A invasão do palácio presidencial em La Paz por tanques e soldados do Exército boliviano nesta quarta-feira (26) remeteu às sombrias décadas de 1960 e 1970, quando ditaduras militares se espalharam pela América do Sul. Contudo, segundo especialistas em Relações Internacionais ouvidos pela Agência Brasil, o episódio reflete um ato isolado e mal calculado, fruto de uma crise econômica e política interna.
Ato Isolado
Para muitos analistas, a ação liderada pelo general Juan José Zúñiga não passou de um movimento isolado, sem apoio significativo de forças sociais ou militares. “O general cometeu um erro de cálculo político ao ameaçar Evo Morales, esperando respaldo que não veio.
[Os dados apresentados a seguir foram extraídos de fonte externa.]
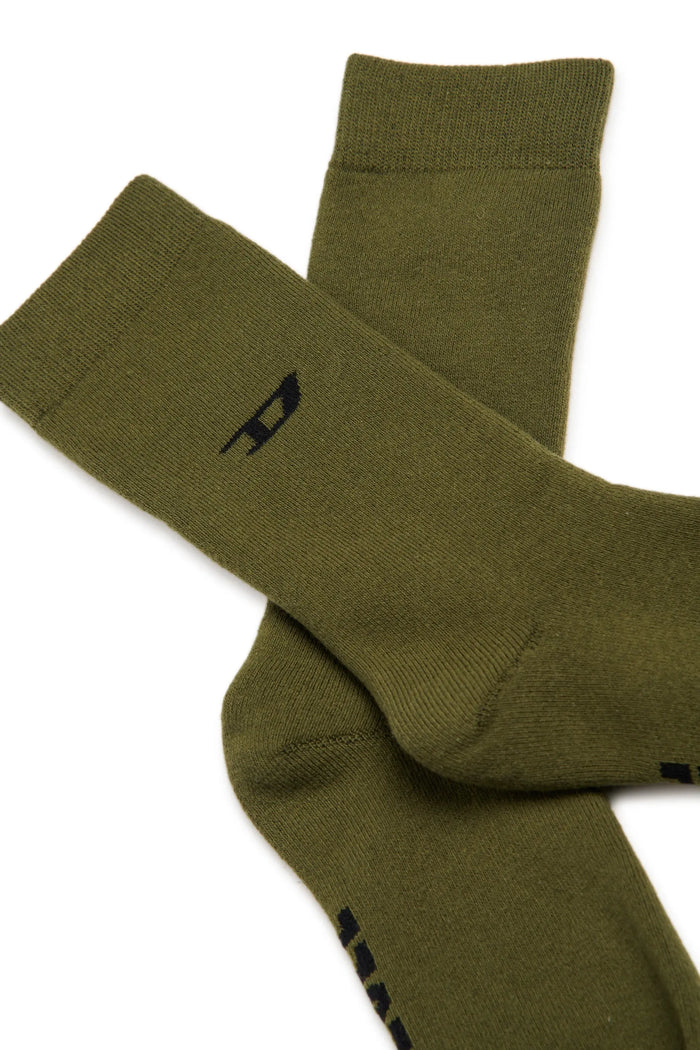 Two-pack cotton socks with logo details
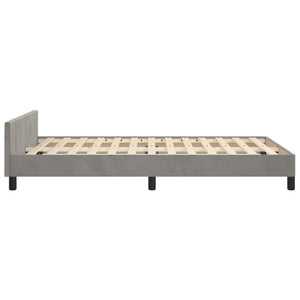 vidaXL Bed Frame without Mattress Light Grey 120x190 cm Velvet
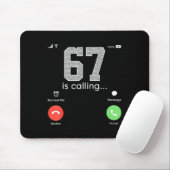 6 7 Meme Kinder Sechs Sieben Jugend Lustig 6 7 Kos Mousepad (Mit Mouse)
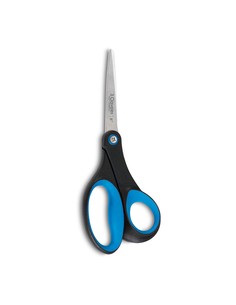 tres_claveles_tijeras_de_cocina_8"_acero_inoxidable_con_mango_ergonómico_azul_8410990004407_oferta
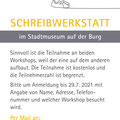 Flyer. Stadtbücherei Burghausen, Juni 2021
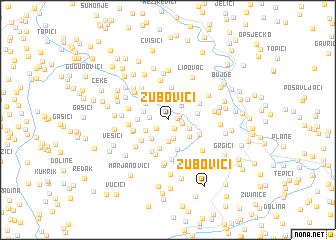 map of Zubovići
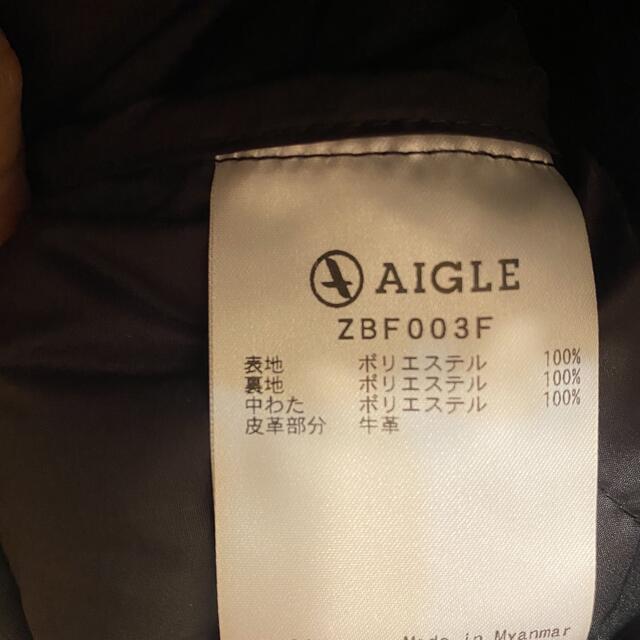 AIGLE(エーグル)の新品タグ付き　エーグル　ノーカラーダウン レディースのジャケット/アウター(ダウンジャケット)の商品写真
Sua tentativa de golpe foi improvisada e sem apoio de outras lideranças das Forças Armadas ou grupos sociais”, explicou Maurício Santoro, cientista político e professor de Relações Internacionais.
Arthur Murta, professor de Relações Internacionais da PUC-SP, destacou a falta de apoio à tentativa de golpe, mesmo entre os opositores de Morales. “Setores da oposição se colocaram contra o golpe, mostrando que o movimento foi mais uma tentativa isolada de demonstração de poder do que uma real vontade de impor um novo governo.”
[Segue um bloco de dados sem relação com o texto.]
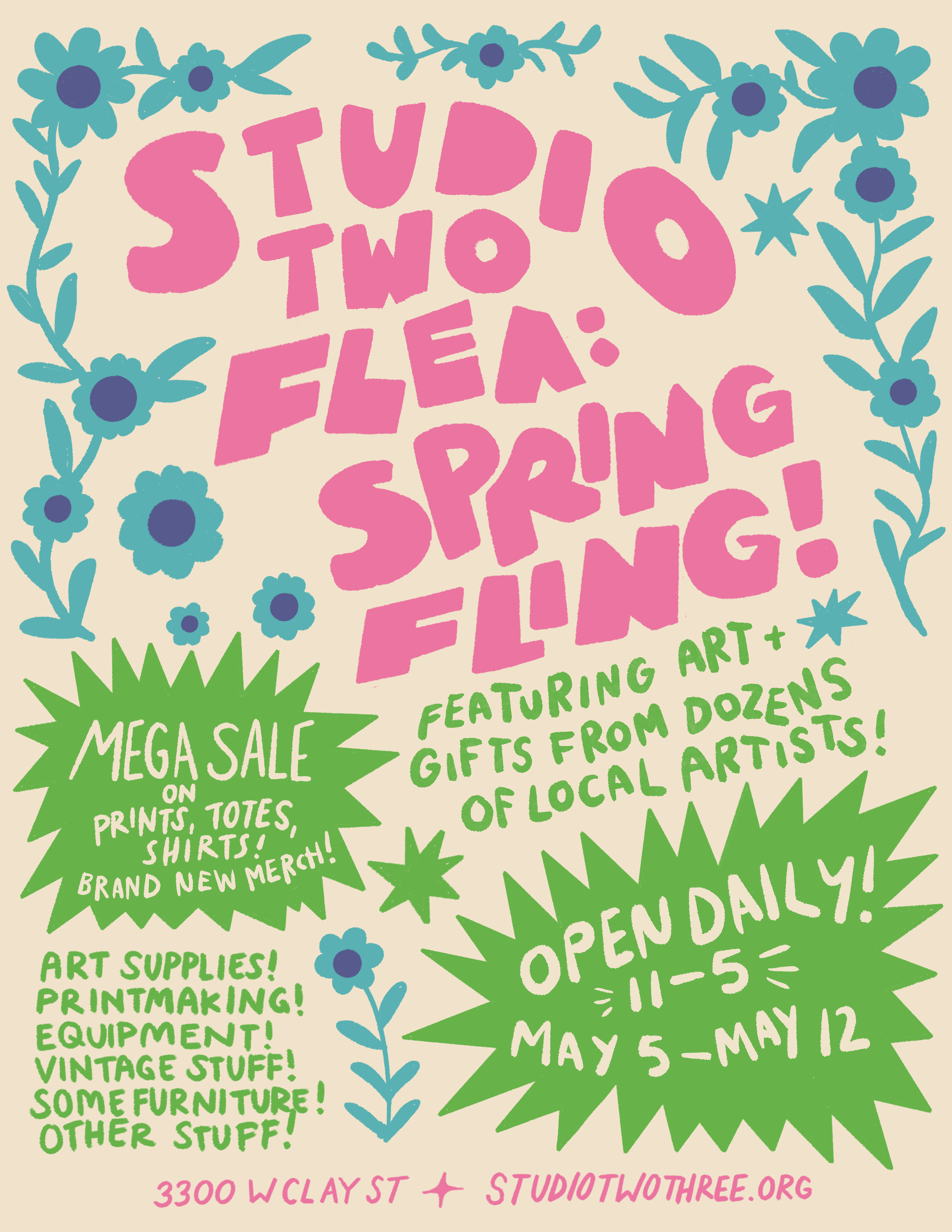 Black Gum Print Shop @ Studio Two Three Spring Fling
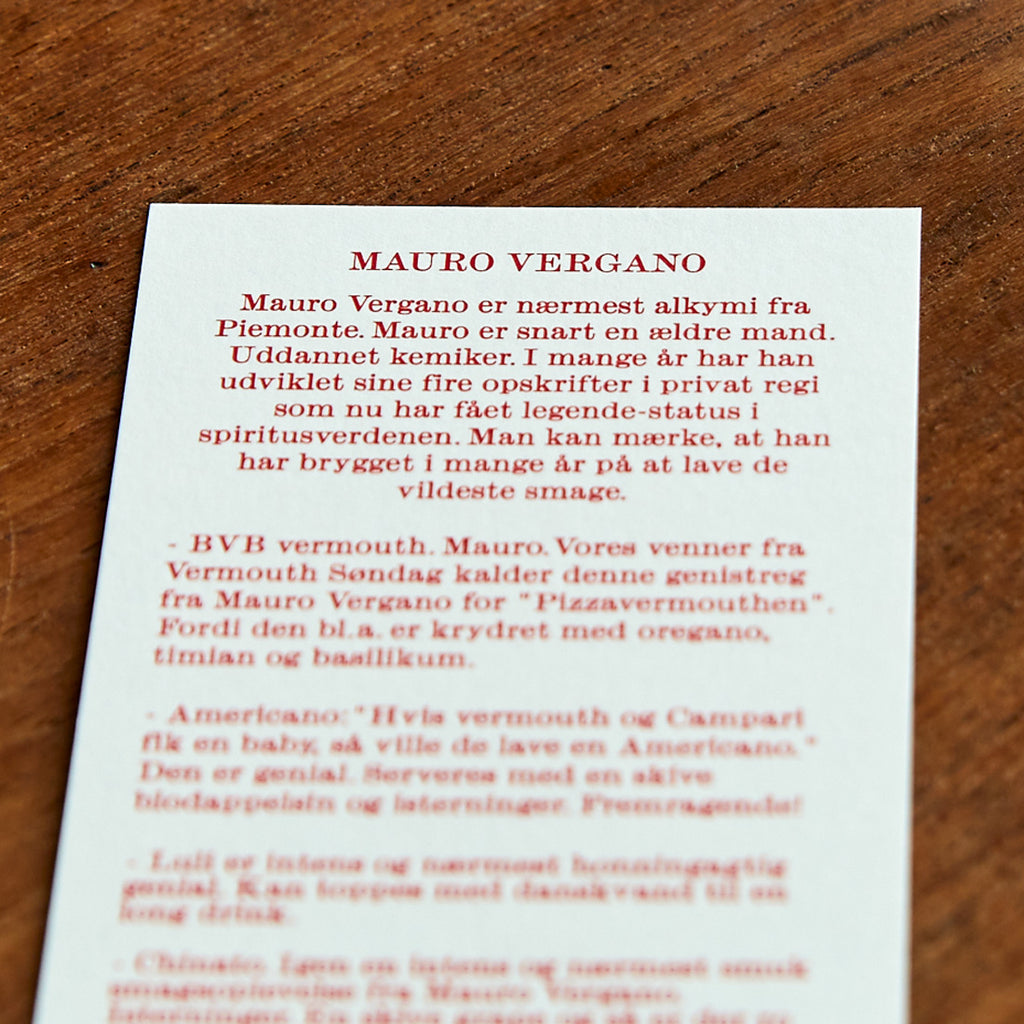 Verdens bedste vermouth - Mauro Vergano - 4 flasker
Crise Econômica e Disputas Políticas
A difícil situação econômica da Bolívia também é apontada como um fator determinante para a instabilidade atual. “A Bolívia enfrenta uma crise econômica grave, com o setor de gás natural em declínio e reservas internacionais muito baixas. Isso afeta a capacidade do país de importar produtos essenciais”, disse Santoro.
O professor Nildo Ouriques, da UFSC, ressaltou as disputas em torno dos recursos naturais do país. “Os conflitos entre o Estado e forças sociais, nacionais e multinacionais pelo controle dos recursos econômicos geram tensões constantes.”
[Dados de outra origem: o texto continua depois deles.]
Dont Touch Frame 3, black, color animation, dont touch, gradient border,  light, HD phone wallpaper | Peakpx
As disputas políticas também agravam a situação, especialmente com as eleições presidenciais se aproximando. “As tensões aumentam com a possibilidade de Evo Morales se candidatar novamente, reacendendo feridas da crise política de 2019”, observou Santoro.
Contexto Regional
Os especialistas destacam que a tentativa de golpe na Bolívia se insere em um contexto mais amplo de crise democrática na América Latina. “Há uma crise mais ampla da democracia na região, com tentativas de golpe na Guatemala e no Brasil nos últimos anos. A democracia está resistindo, mas as crises são preocupantes”, afirmou Santoro.
Apesar dos desafios, a resposta internacional em defesa da democracia boliviana foi forte. “Todos os países da América do Sul se manifestaram a favor da democracia, e a Organização dos Estados Americanos respondeu de modo rápido e contundente”, acrescentou Santoro, destacando a importância da solidariedade regional.
Essa análise destaca os fatores complexos e interconectados que levaram à recente tentativa de golpe na Bolívia, sublinhando a importância de compreender tanto as dinâmicas internas quanto o contexto regional mais amplo.